═══ Data for the task

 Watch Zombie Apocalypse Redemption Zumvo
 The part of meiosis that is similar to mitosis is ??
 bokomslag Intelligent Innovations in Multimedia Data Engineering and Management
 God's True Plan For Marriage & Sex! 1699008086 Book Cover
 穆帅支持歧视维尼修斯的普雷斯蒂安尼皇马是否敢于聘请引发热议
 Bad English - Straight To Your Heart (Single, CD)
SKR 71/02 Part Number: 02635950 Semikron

══════
═══ Data for the task

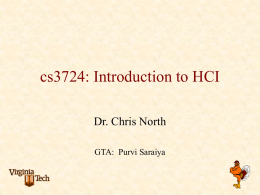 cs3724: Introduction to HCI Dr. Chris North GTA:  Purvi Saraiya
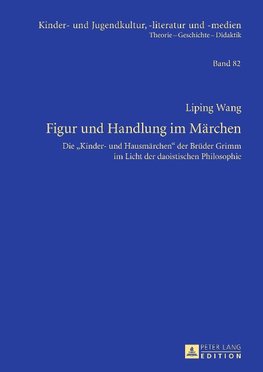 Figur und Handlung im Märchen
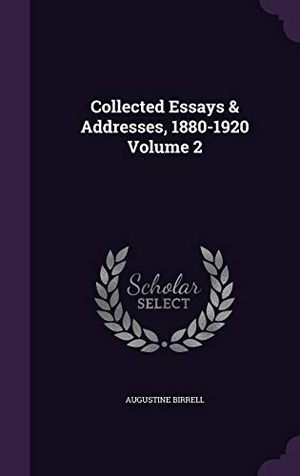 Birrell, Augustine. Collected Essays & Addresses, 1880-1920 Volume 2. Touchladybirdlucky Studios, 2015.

══════

[Required action]
Of the lines above, copy only those from the one holding "Figur und Handlung im Märchen" to the one holding "Birrell, Augustine. Collected", both included, and exclude every image.

[Written response]
 Figur und Handlung im Märchen
 Birrell, Augustine. Collected Essays & Addresses, 1880-1920 Volume 2. Touchladybirdlucky Studios, 2015.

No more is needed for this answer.